At the line containing "Ok Google Tell Me a Joke", begin an exact copy, and continue through the last line of the entries below. Leave out any pictures.

(Brief descriptive captions)
_ _ _ _

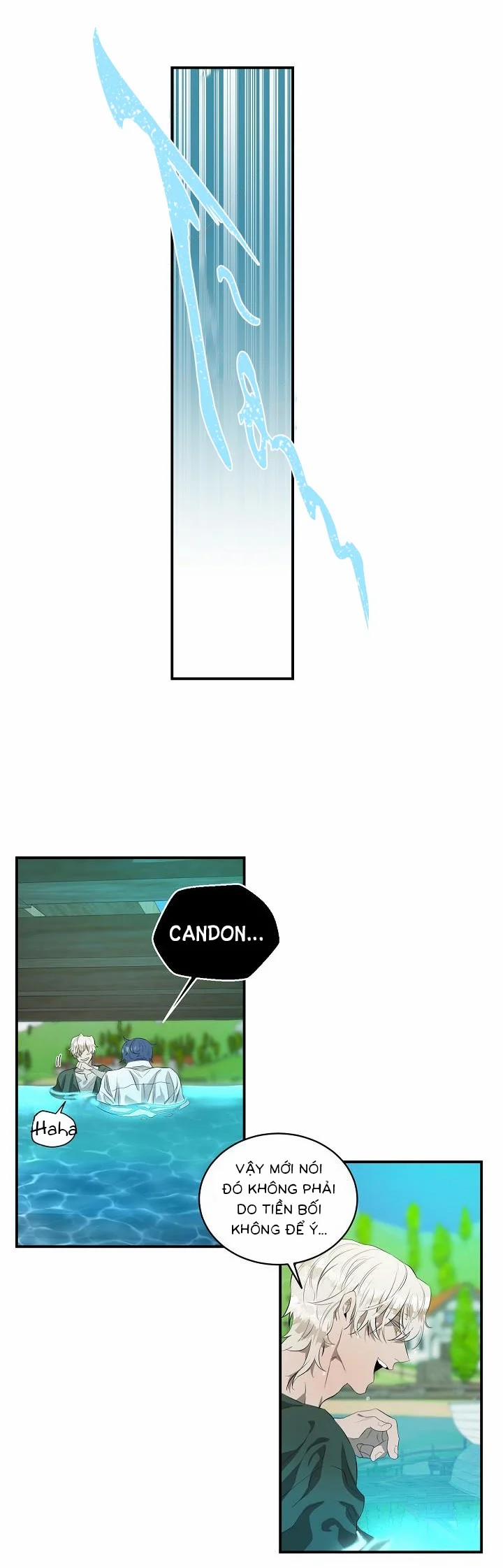 Khoảng Cách Giữa Yêu Và Ghét (Full) 7 trang 28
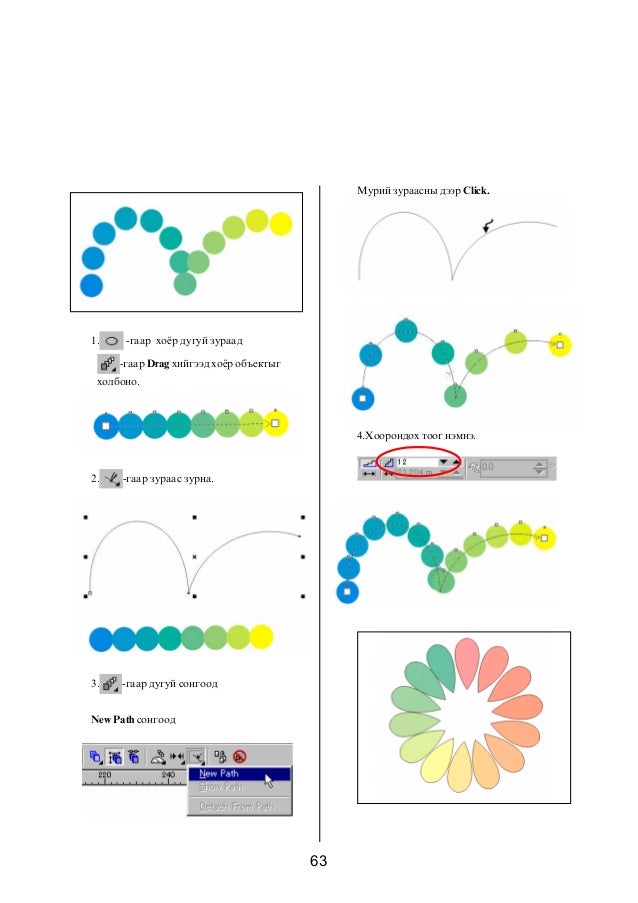 Corel draw book
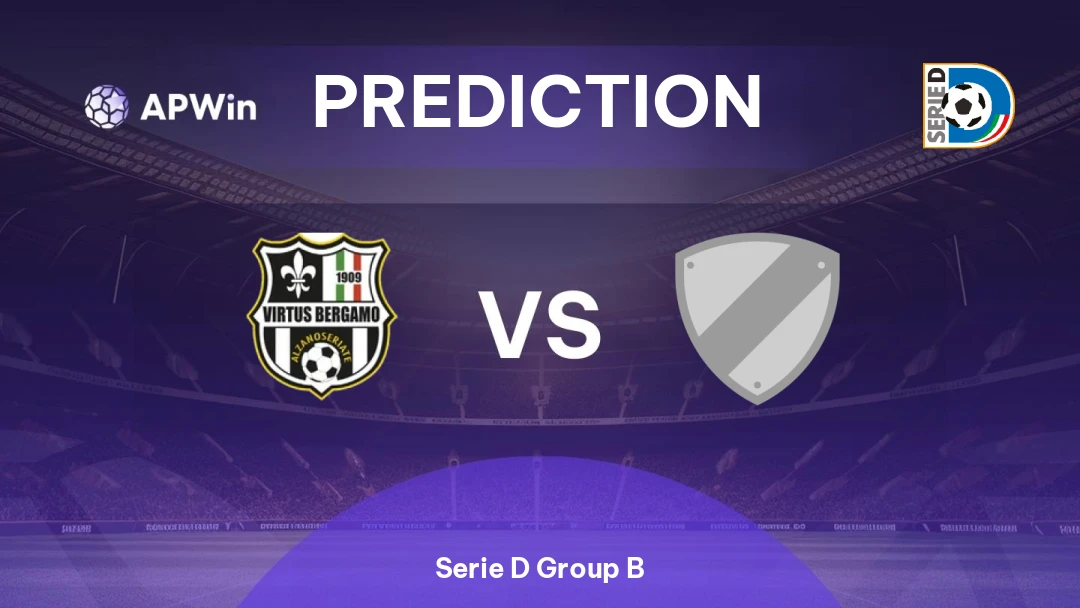 Virtus Ciserano Bergamo vs Calcio Pavonese Thumbnail
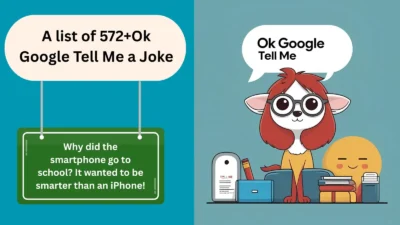 Ok Google Tell Me a Joke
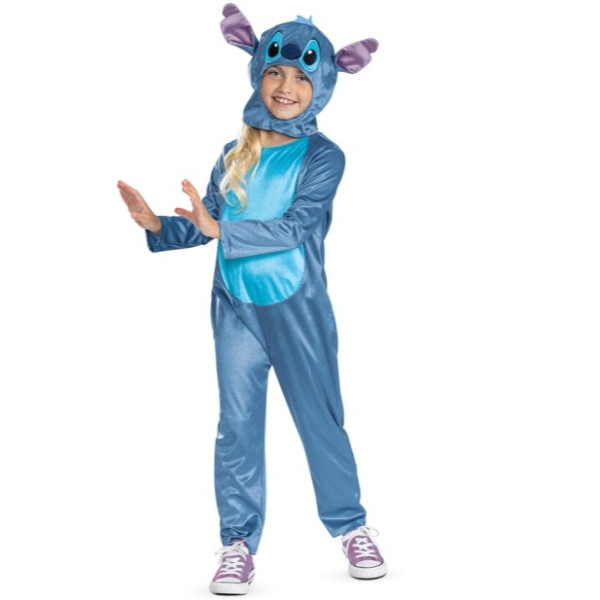 Disfraz de Stitch Clásico de Lilo & Stitch Infantil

_ _ _ _

## RESPONSE
 Ok Google Tell Me a Joke
 Disfraz de Stitch Clásico de Lilo & Stitch Infantil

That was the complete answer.